Personal information
- Born: January 29, 1979 (age 47) Oak Harbor, Washington, U.S.

Career information
- College: Eastern Washington
- NFL draft: 2002: 6th round, 195th overall pick

Career history
- 2002–2003: Baltimore Ravens
- 2004: Miami Dolphins
- 2005: Frankfurt Galaxy
- 2005: New York Giants
- 2006: Montreal Alouettes
- 2007: Calgary Stampeders
- Stats at Pro Football Reference

= Lamont Brightful =

American football player (born 1979)

Lamont Eugene Brightful (born January 29, 1979) is an American former professional football player. Prior to attending Eastern Washington University, Brightful graduated from Mariner High School in Everett, Washington, where he was a standout defensive back, wide receiver, and kick returner.

==College career==
Brightful played college football at Eastern Washington University. He was also a skilled kick returner, and holds the Div 1AA record for average kick return yards at 30, with over 65 attempts from 1998 to 2001.

==Professional career==
Brightful was selected by the Baltimore Ravens in the sixth round of the 2002 NFL draft with the 195th overall pick. He played for the Ravens during the 2002 and 2003 seasons, where he was used mostly as a return man.

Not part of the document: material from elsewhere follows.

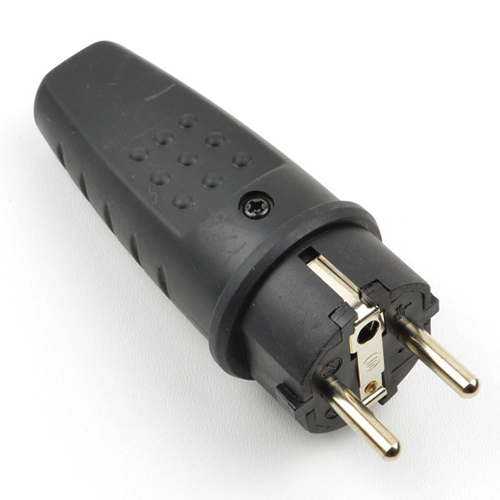 Zástrčka (vidlica)čierna gum. IP44 16A 250V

Brightful was released by the Ravens at the conclusion of the preseason in 2004 and signed with the Miami Dolphins. He was released from the team in 2005. Brightful was cut after having three fumbles in a game as a punt returner against the Cincinnati Bengals.

Brightful was then picked up by the New York Giants and went overseas to play for the Frankfurt Galaxy as cornerback. In 2005, he was ranked the top returner in the league.

In 2006, he joined the Montreal Alouettes in the Canadian Football League as a punt returner and cornerback.

Brightful works as an elite sports performance coach in Richland, Washington at Power Alley Performance, LLC.